Convert tokens to integer ids for model input.
Convert ids back to readable text.
Handle special tokens such as [PAD], [UNK], [BOS], and [EOS].
Save and reload tokenizer state with pretrained-style APIs.
The base class is lucid.data.tokenizers.Tokenizer.
Quick Start¶
Single input:
from lucid.data.tokenizers import Tokenizer
tokenizer = MyTokenizer.from_pretrained("path/to/tokenizer")
ids = tokenizer.encode("hello lucid", add_special_tokens=True)
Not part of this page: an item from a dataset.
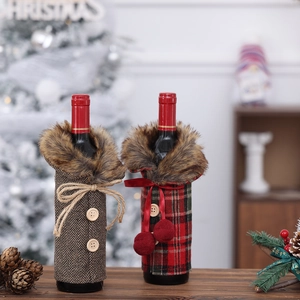 Christmas wine bottle covers in plaid and tweed styles for festive party table decor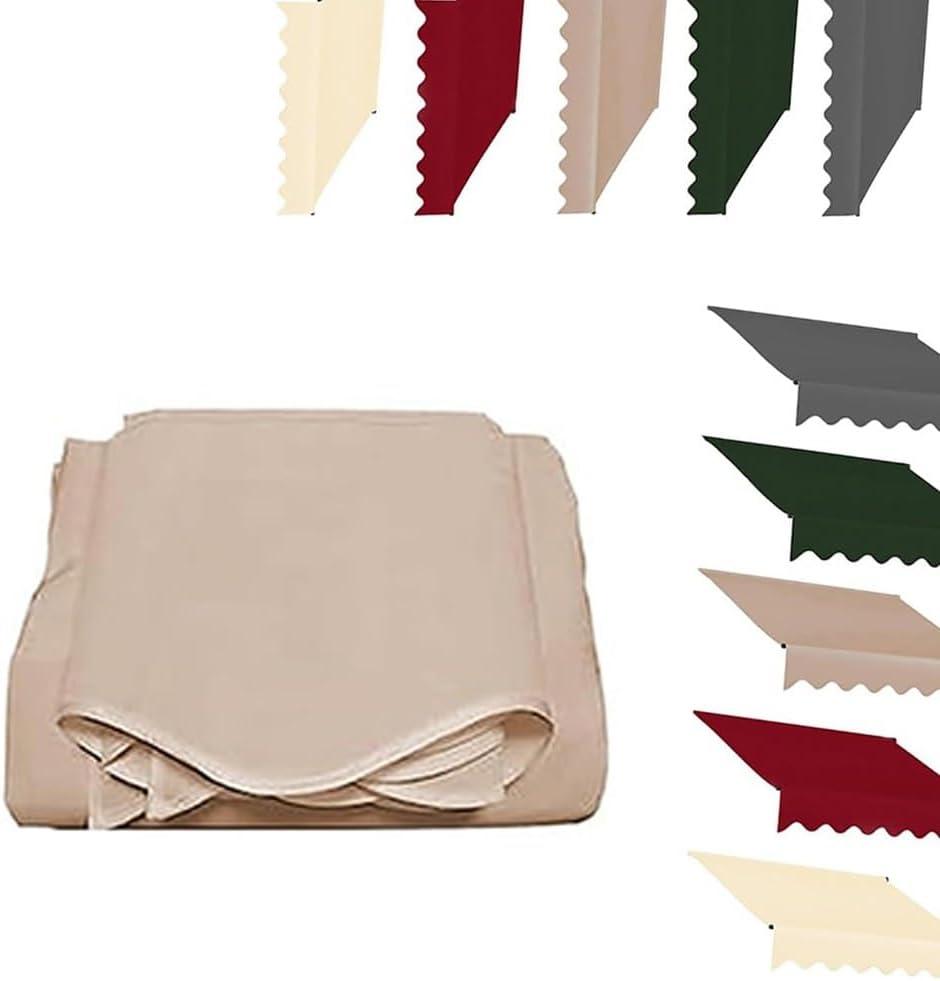 Market Awning Fabric Replacement, Retractable Awning 100% Polyester Canvas, Replacement Top Cover for Patio Awning, Door Window Sun Shade Cover(Khaki,13x5ft/400x150cm)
text = tokenizer.decode(ids)
Batch input (2D tensor output):
import lucid
batch_ids = tokenizer.batch_encode(
["hello lucid", "hi"],
padding=True,
return_tensor=True,
device="cpu",
)
assert isinstance(batch_ids, lucid.Tensor) # shape: (batch, seq_len)
Save / load:
tokenizer.save_pretrained("out/my_tokenizer")
tokenizer2 = MyTokenizer.from_pretrained("out/my_tokenizer")
Note
encode(…, return_tensor=True) returns a 1D lucid.LongTensor.
batch_encode(…, return_tensor=True) returns a 2D tensor when lengths are aligned (or when padding=True is set).
decode accepts both list[int] and lucid.LongTensor inputs.